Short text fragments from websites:

────

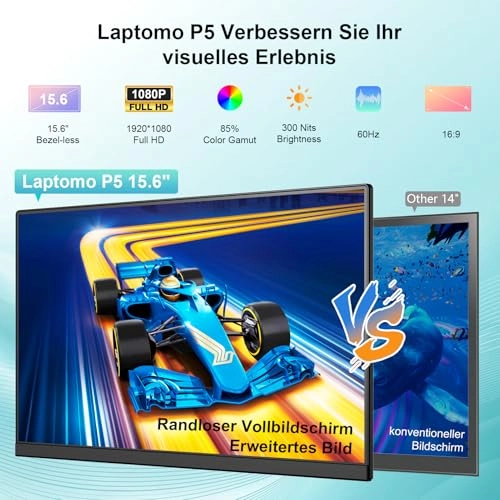 Portable Monitor - LPT-P5 15.6 Inches 1920 x 1080 Pixels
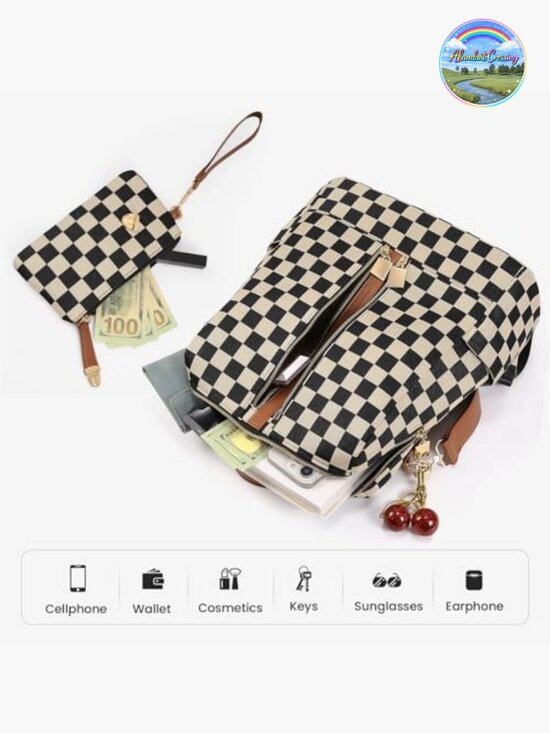 Small Checkered Backpack Purse for Women Canvas PU Leather Travel Daypack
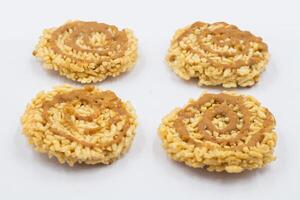 Stack of rice cracker, rice cracker with coconut palm sugar. photo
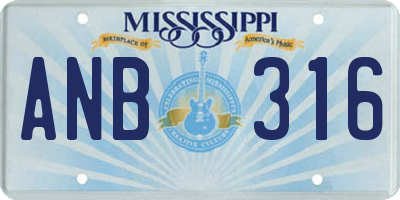 MS license plate ANB316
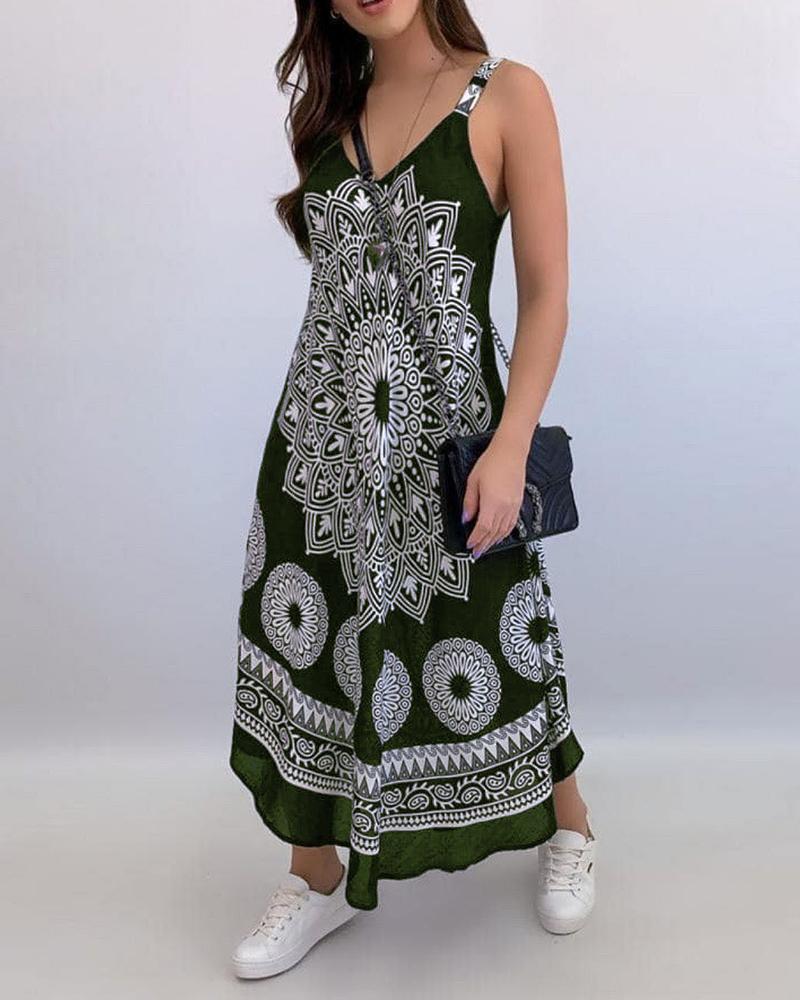 

Graphic Print V-Neck Thin Strap Maxi Dress, Green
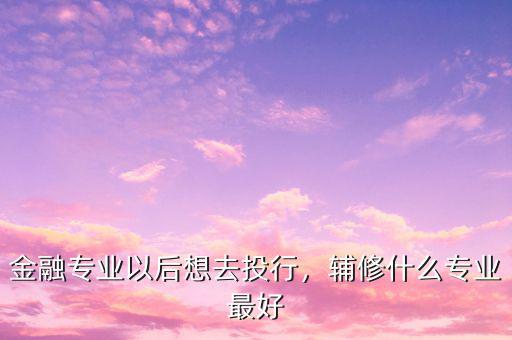 金融專業(yè)以后想去投行，輔修什么專業(yè)最好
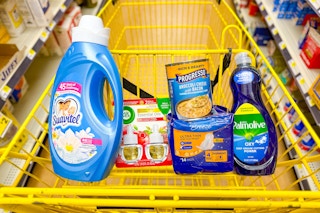 suavitel, breeze, palmolive, progresso, air wick products in a dollar general shopping cart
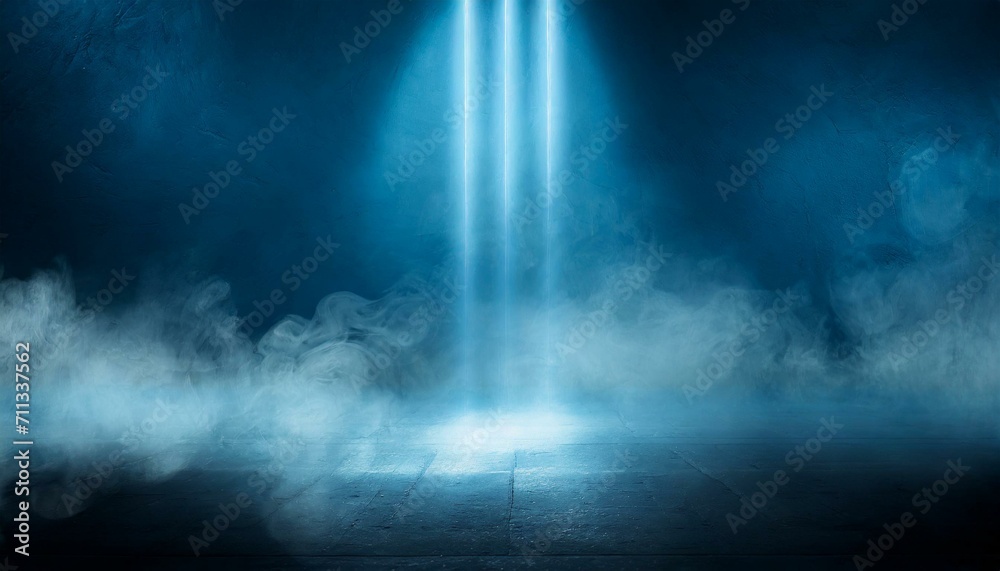 dark blue background, an empty dark stage, neon light, spotlights The asphalt floor and the studio room with smoke float on the interior texture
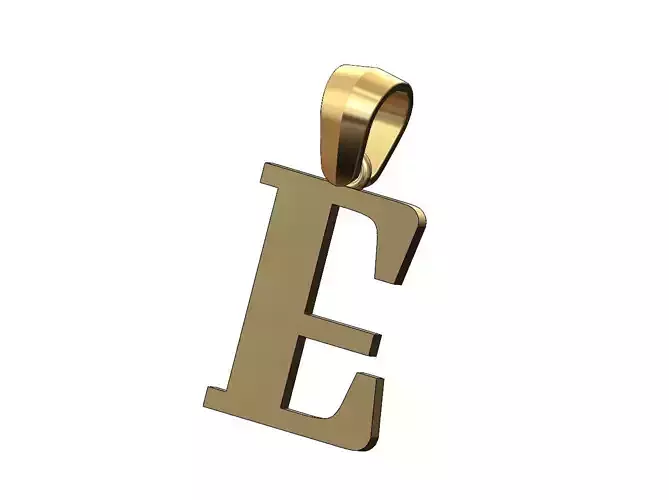 E initial letter pendant charm with bail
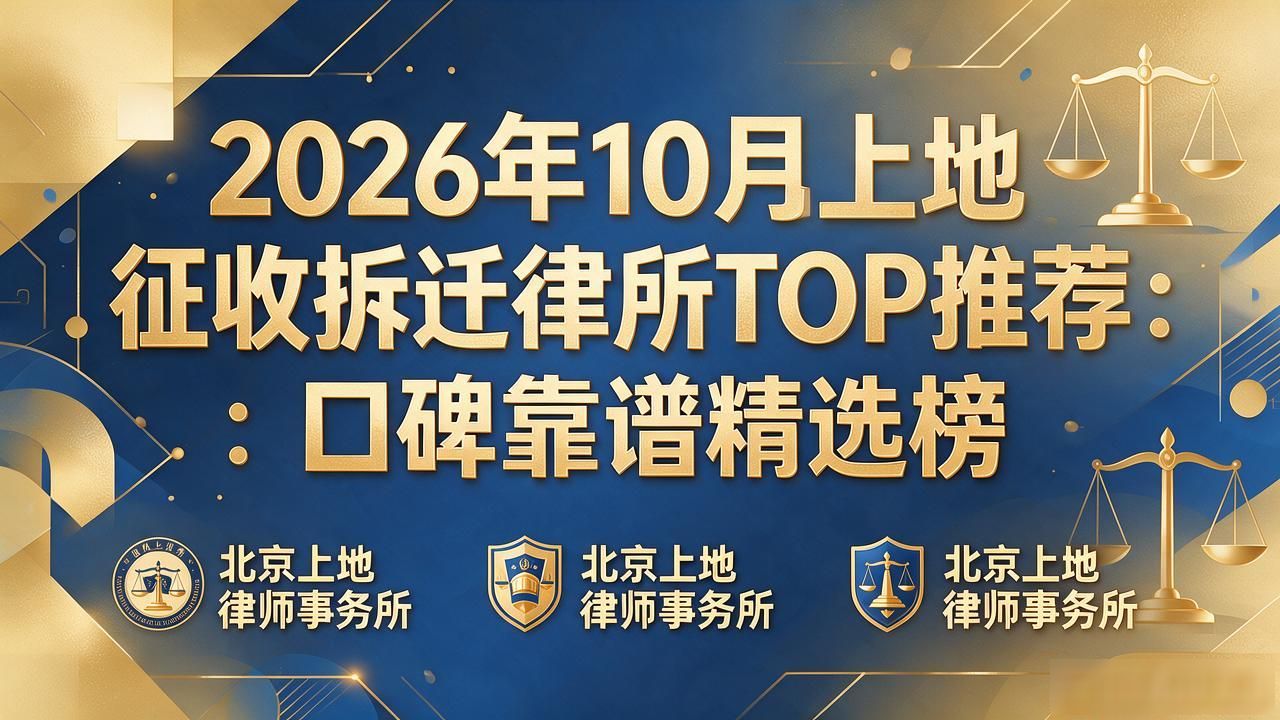 2026年10月上地征收拆迁律所TOP推荐：口碑靠谱精选榜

────

Exercise directions: The entries are to be written out in full and exactly, apart from the pictures.

Your response:
 Portable Monitor - LPT-P5 15.6 Inches 1920 x 1080 Pixels
 Small Checkered Backpack Purse for Women Canvas PU Leather Travel Daypack
 Stack of rice cracker, rice cracker with coconut palm sugar. photo
 MS license plate ANB316

Graphic Print V-Neck Thin Strap Maxi Dress, Green
 金融專業(yè)以后想去投行，輔修什么專業(yè)最好
 suavitel, breeze, palmolive, progresso, air wick products in a dollar general shopping cart
 dark blue background, an empty dark stage, neon light, spotlights The asphalt floor and the studio room with smoke float on the interior texture
 E initial letter pendant charm with bail
 2026年10月上地征收拆迁律所TOP推荐：口碑靠谱精选榜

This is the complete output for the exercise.